[Directions] Each entry that follows is to be duplicated exactly, without its images.

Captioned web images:

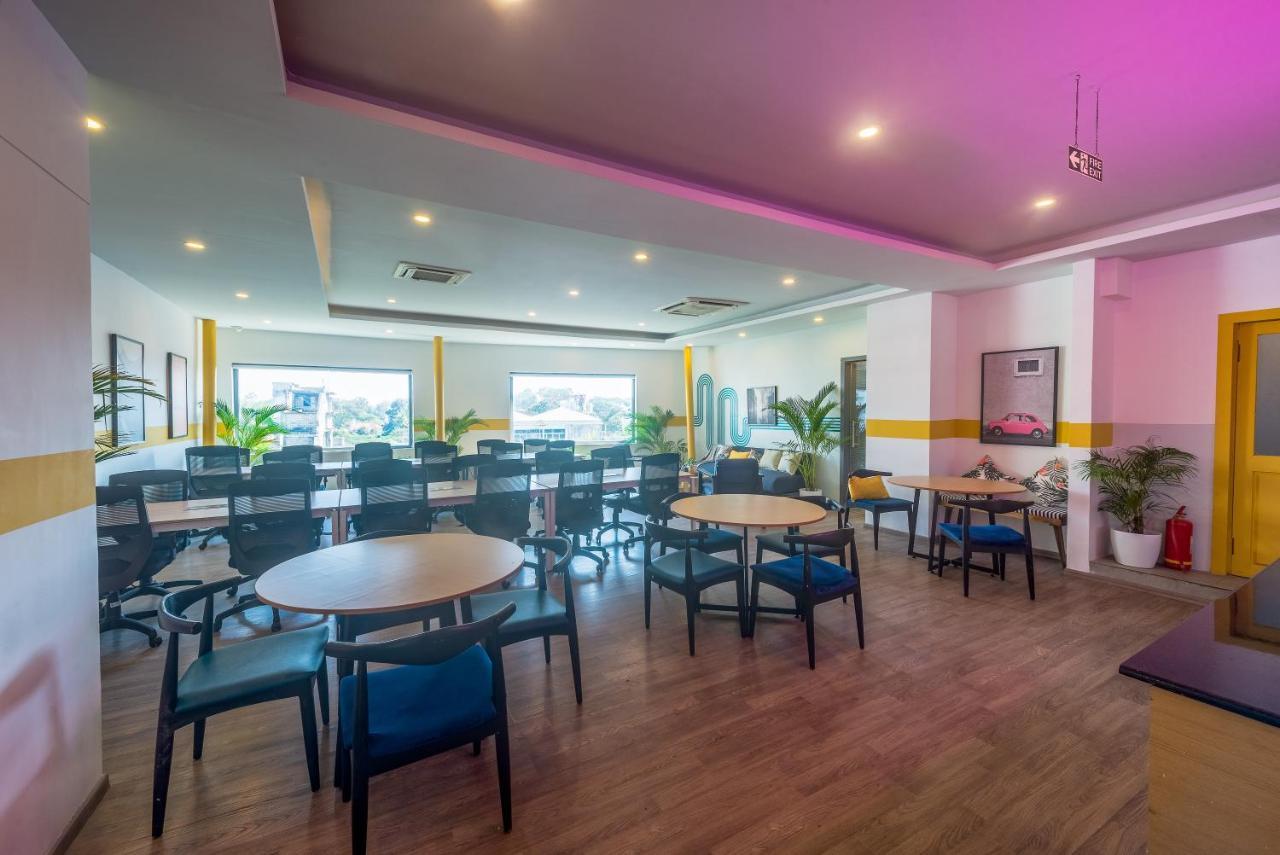 Olive Hotel Indiranagar By Embassy Group 벵갈루루 외부 사진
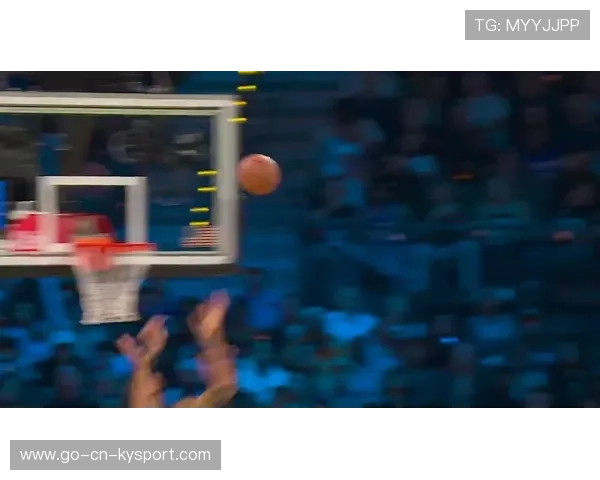 NBA禁区空接暴力美学：飞跃天际的极限碰撞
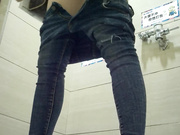 國內某大型商場拍攝到的各式美女少婦如廁 貌似有個高冷女神背著LV包包膚白貌美大長腿看得誘惑十足 1080P高清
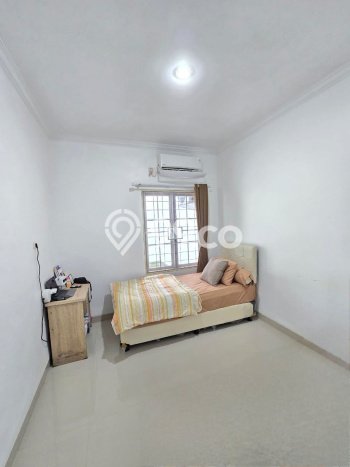 Dijual Hunian Rumah Terawat 3 KT di Bintaro, Tangerang Selatan Dijual Hunian Rumah Terawat 3 KT di Bintaro, Tangerang Selatan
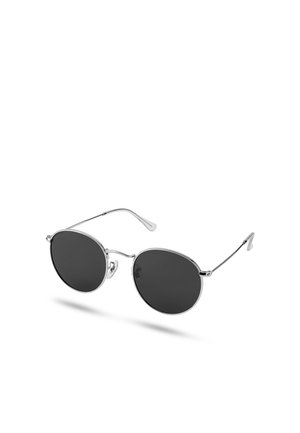 Runde schwarze Sonnenbrille mit dünnem silbernem Metallrahmen und verstellbaren Nasenpads vor weißem Hintergrund.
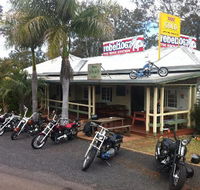 Apple Tree Creek Hotel - Restaurant Guide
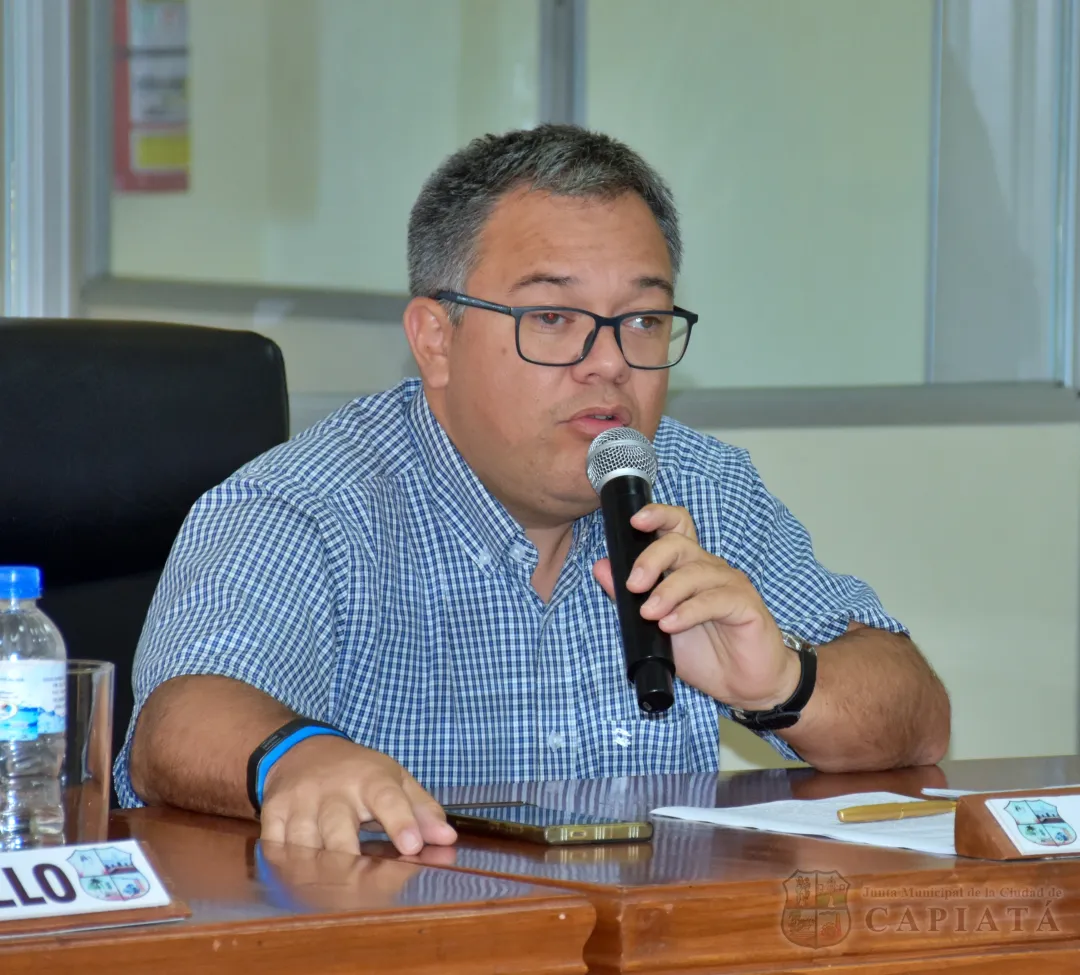 Foto 1 de Instan al Ejecutivo Municipal a investigar presuntos cobros irregulares a usuarios por parte de la empresa recolectora de residuos y solicitar un informe al respecto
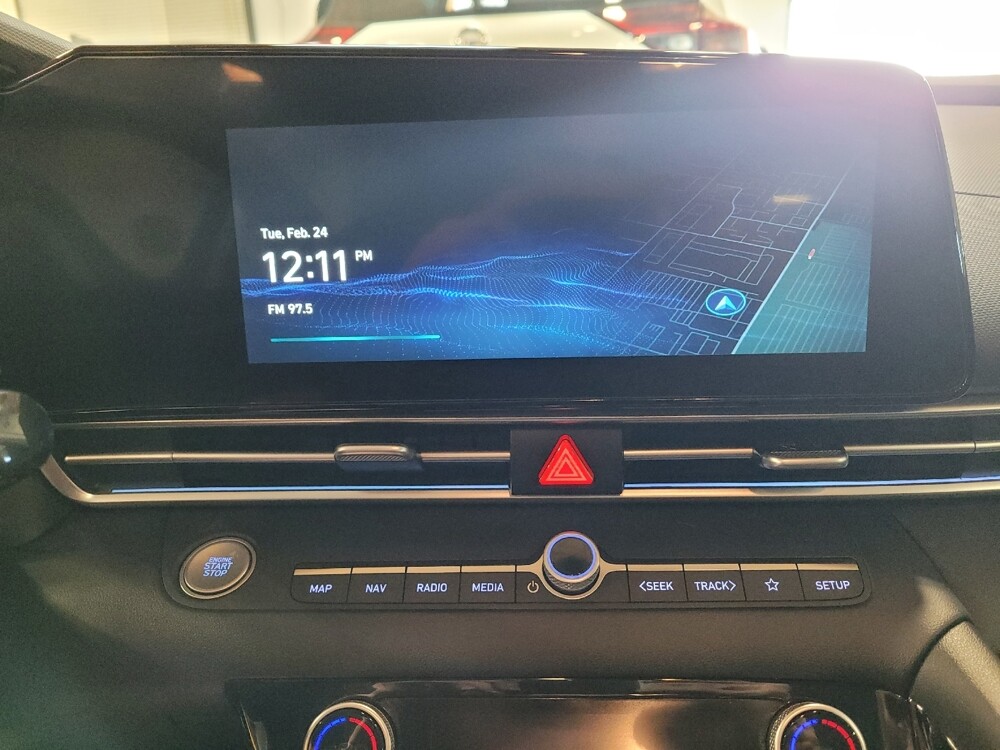 2025 Hyundai Elantra in Torrance, CA 90504 - 18140252 25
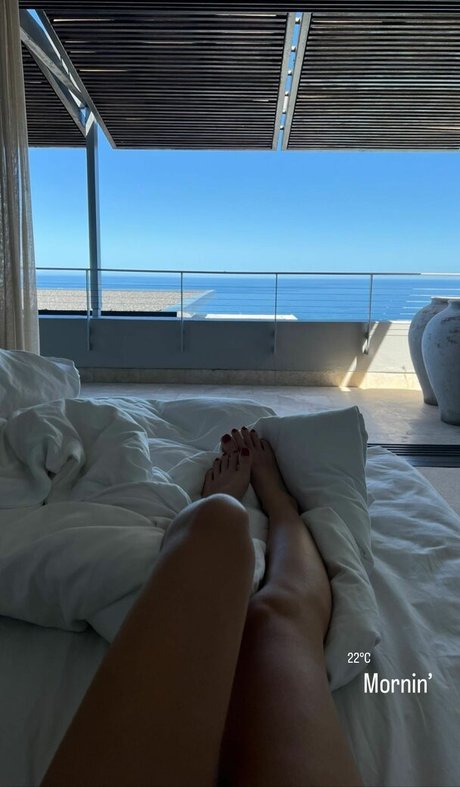 izemmania nude pornstar gallery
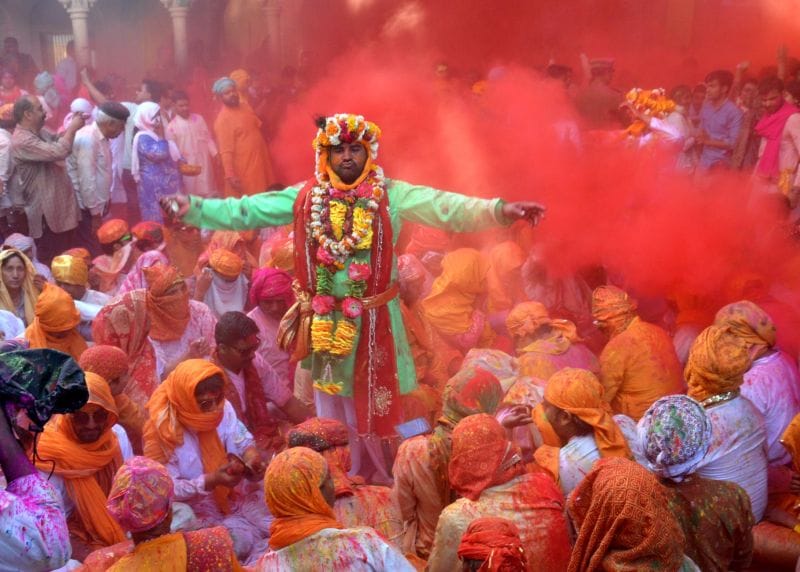 laddu holi celebration in barsana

[Reply to the exercise]
 Olive Hotel Indiranagar By Embassy Group 벵갈루루 외부 사진
 NBA禁区空接暴力美学：飞跃天际的极限碰撞
 國內某大型商場拍攝到的各式美女少婦如廁 貌似有個高冷女神背著LV包包膚白貌美大長腿看得誘惑十足 1080P高清
 Dijual Hunian Rumah Terawat 3 KT di Bintaro, Tangerang Selatan Dijual Hunian Rumah Terawat 3 KT di Bintaro, Tangerang Selatan
 Runde schwarze Sonnenbrille mit dünnem silbernem Metallrahmen und verstellbaren Nasenpads vor weißem Hintergrund.
 Apple Tree Creek Hotel - Restaurant Guide
 Foto 1 de Instan al Ejecutivo Municipal a investigar presuntos cobros irregulares a usuarios por parte de la empresa recolectora de residuos y solicitar un informe al respecto
 2025 Hyundai Elantra in Torrance, CA 90504 - 18140252 25
 izemmania nude pornstar gallery
 laddu holi celebration in barsana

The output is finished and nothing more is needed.